ETTA DOESN’T SLEEP. Etta is so sweet and smiley and alert, but I get very caught up in the story that she doesn’t sleep, and it clouds my perception of her. Of course, the truth is that she does sleep. All babies sleep. They just don’t always sleep according to our expectations (or desperate pleas). So she’s not that magical third born baby that can sleep through my boy’s noise or go 6 hours without nursing. She does sleep amazingly well in her carseat while I’m running errands. And she usually falls asleep on her own with a swaddle and a pacifier while I run around the house doing all the things. And when she predictably wakes me up every three hours at night, she quickly nurses and falls back to sleep without even opening her eyes. So yeah, it could be a lot worse, but it’s hard to keep that perspective when I’m constantly telling myself that she sucks at sleeping.

THE BOYS ARE CRAZY. Let’s just say my boys can sometimes be a handful. But whose kids aren’t? So my kids are energetic, competitive, rambunctious, and loud. They’re also loving, funny, communicative, and all around awesome.
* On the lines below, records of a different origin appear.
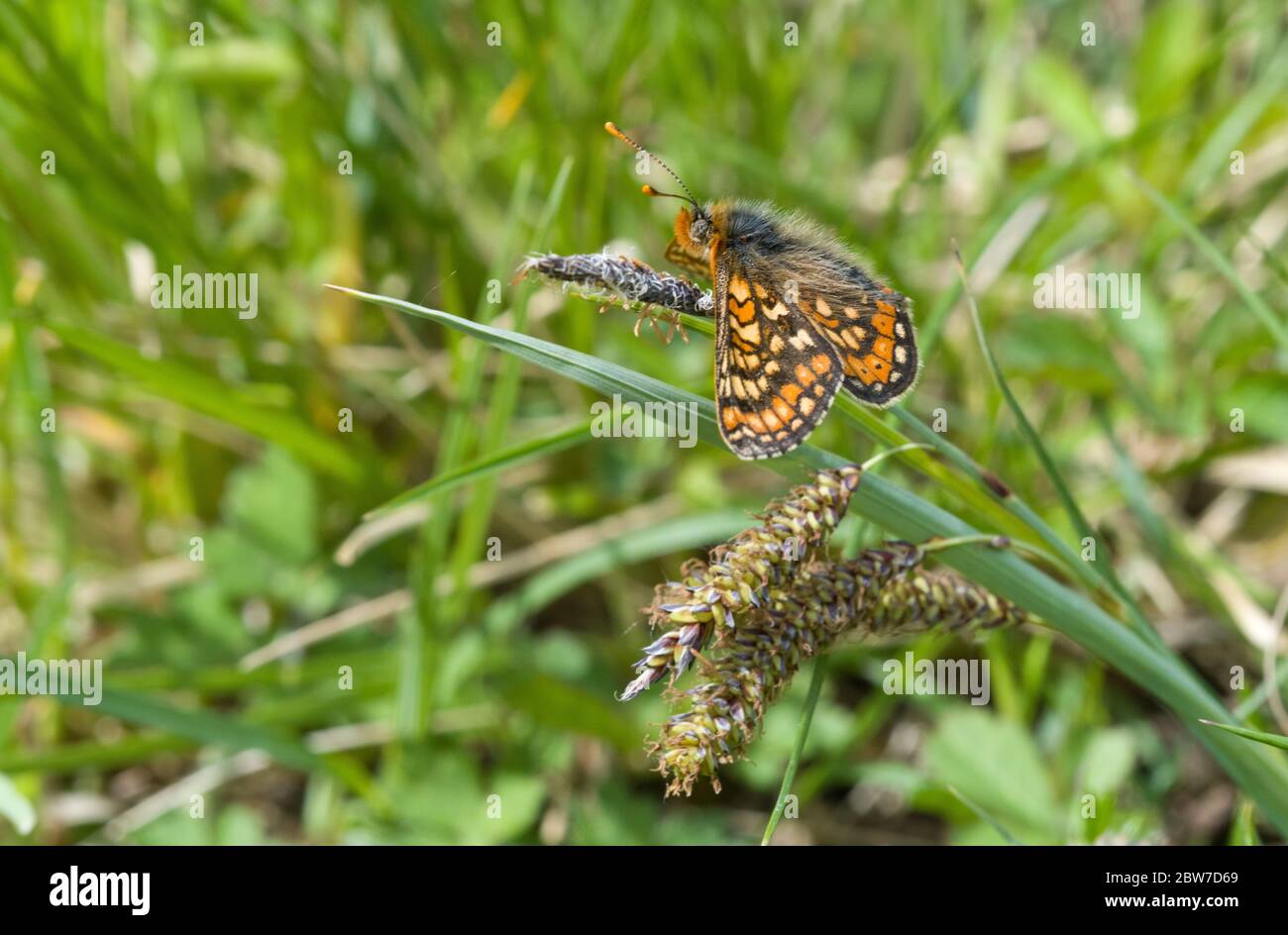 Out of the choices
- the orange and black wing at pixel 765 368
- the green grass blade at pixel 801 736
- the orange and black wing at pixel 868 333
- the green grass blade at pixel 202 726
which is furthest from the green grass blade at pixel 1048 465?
the green grass blade at pixel 202 726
And while I’m sure many people would call them wild if they stopped by our house on a typical evening around dinner time, it narrows the way I perceive them, and it just doesn’t serve me (or them) well. When I align with the thought that my boys are wild, I shy away from taking them on outings, I grit my teeth and interact with them from a place of defensiveness, I’m less willing to try new things with them, I get self-conscious around new people because I fear they’ll judge my parenting, and I find myself missing the sweet moments because those moments don’t fit into the box I’ve put my boys in (typing that hurts a little). What’s worse is that I also find myself labeling them as wild out loud. And they hear me. They hear me call them wild, and I have to wonder how much of their wildness is purely from them and how much of it is because they’re playing the part I assigned them. Children rise to the expectations put upon them, and I’d rather describe them in a way that fosters a more positive outcome. So instead of saying my boys are wild, I’m going to pay more attention to the actual moment and find a way to view their behavior in a way that is empowering instead of limiting. They’re being rowdy at the dinner table? They’re having fun, but need some guidance. They’re clobbering each other in the Costco shopping cart? They’re still learning how to communicate and respect boundaries. They’re licking and poking Etta? They love her sooooo much and need help expressing their feelings appropriately. When I drop the generic description and stop seeing them as simply wild, I can see the situation on a deeper level, understand them more, be more present and RESPOND instead of REACT.

I DON'T HAVE ENOUGH TIME. This is a big one. We all say it, and no matter how often I try to check myself on this one, the words keep falling out of my mouth. The truth is that my priorities are not in alignment with what I actually want, and there’s a trickle down effect that is compounding the problem. I need to rephrase “I don’t have time” to “that’s just not important to me” and see how that feels. I don’t have time to exercise… more like exercising isn’t as important to me as getting another hour of sleep. And getting another hour of sleep isn’t as important to me as Netflix. OUCH. In my shower, I have a waterproof notepad (yes, that’s a real thing, and you need it) that literally says “if you have time to scroll endlessly on social media, you have time to meditate.” It’s so true. So true! But I still don’t meditate every day… probably because I don’t see that note every day, if you know what I mean. But seriously, I have lots of time that I squander away, and besides bringing more self awareness into my days, I need to stop saying I need more time and start using all the time I do have with more intention.

I'd love to hear what limiting words or phrases have been falling of your mouth lately. We all have so much in common, and can learn so much from each other when we're being open and real. What have you been saying lately that doesn't serve you?